The eighth edition of the Quality Standards (QSI) (published by the Architectural Woodwork Institute) is a major revision in a line of Standards extending back to 1961.

==Eighth edition==
There are a number of changes in the layout of the eighth edition.

The content gives an insight into the scope of fine architectural woodwork. Sections 100 and 200 refer to the raw materials of the trade; which include lumber, wood veneers, overlays like laminates, and the cores to which these products are attached.
Sections 300 through 1400 are product sections, each devoted to the details of materials and workmanship for that wide range of work. Section 1500 is a newly revised factory finishing section.

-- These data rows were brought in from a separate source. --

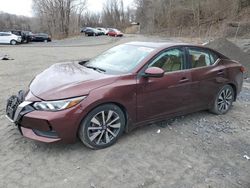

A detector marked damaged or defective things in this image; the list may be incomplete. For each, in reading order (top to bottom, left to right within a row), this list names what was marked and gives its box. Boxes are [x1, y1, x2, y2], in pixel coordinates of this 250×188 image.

wrecked vehicle [4, 41, 245, 149]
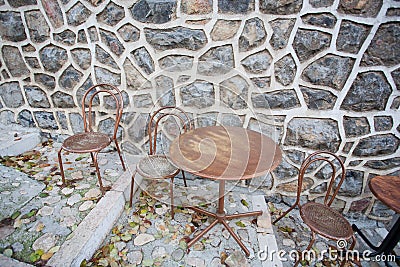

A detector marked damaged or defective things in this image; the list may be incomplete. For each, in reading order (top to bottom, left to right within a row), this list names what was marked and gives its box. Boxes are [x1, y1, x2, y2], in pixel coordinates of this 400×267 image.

rusty metal chair [57, 84, 126, 195]
rusty metal chair [129, 107, 193, 220]
rusty metal chair [274, 152, 358, 266]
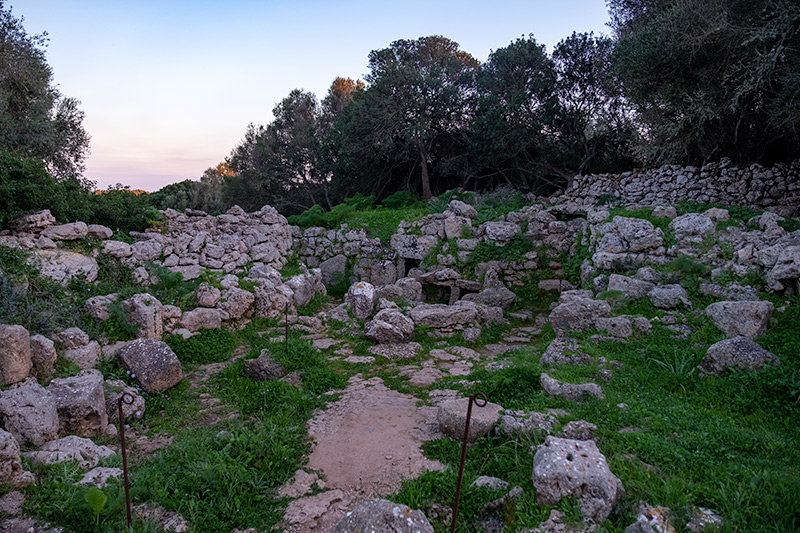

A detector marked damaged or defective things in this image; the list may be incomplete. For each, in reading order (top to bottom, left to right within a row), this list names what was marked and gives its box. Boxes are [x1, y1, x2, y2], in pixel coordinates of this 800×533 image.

rusty metal stake [117, 392, 134, 524]
rusty metal stake [450, 390, 488, 532]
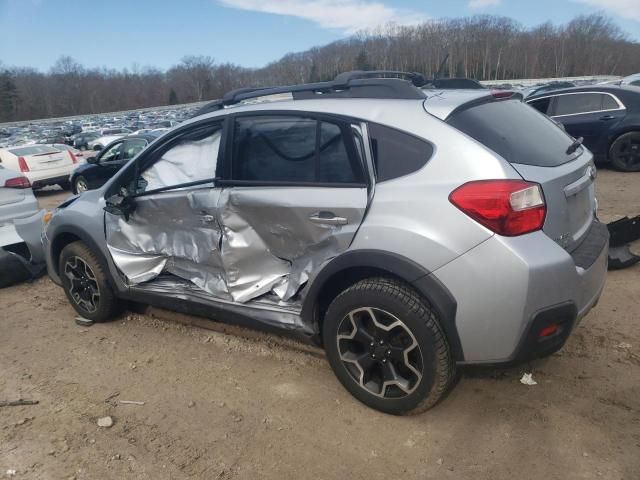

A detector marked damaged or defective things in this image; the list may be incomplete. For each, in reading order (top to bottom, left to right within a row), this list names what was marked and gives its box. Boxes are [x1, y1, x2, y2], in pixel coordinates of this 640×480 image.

Section 1600 addresses a generic method of specifying institutional cabinetry, and Section 1700 concerns installation. These sections are accessed by black thumb tab indicators.

From 1961, it was recognized that there were different levels of work required. The original committee chose the word grade to express those levels: "Premium Grade", "Custom Grade", and "Economy Grade". They are defined explicitly on page 6 of the eighth edition and are taken up throughout the book.
The raw materials of the trade are not specified using those grade terms, rather, by selecting a grade of work for the fabricated product, the quality of the materials is specified.

The selection of materials appropriate for the AWI grade of work, and the workmanship and joinery requirements for each type of architectural woodwork are spelled out in Sections 300 through 1400, the selections and specifications are in sections 1500, Factory Finishing; 1600, Modular Cabinets; and 1700, Installation.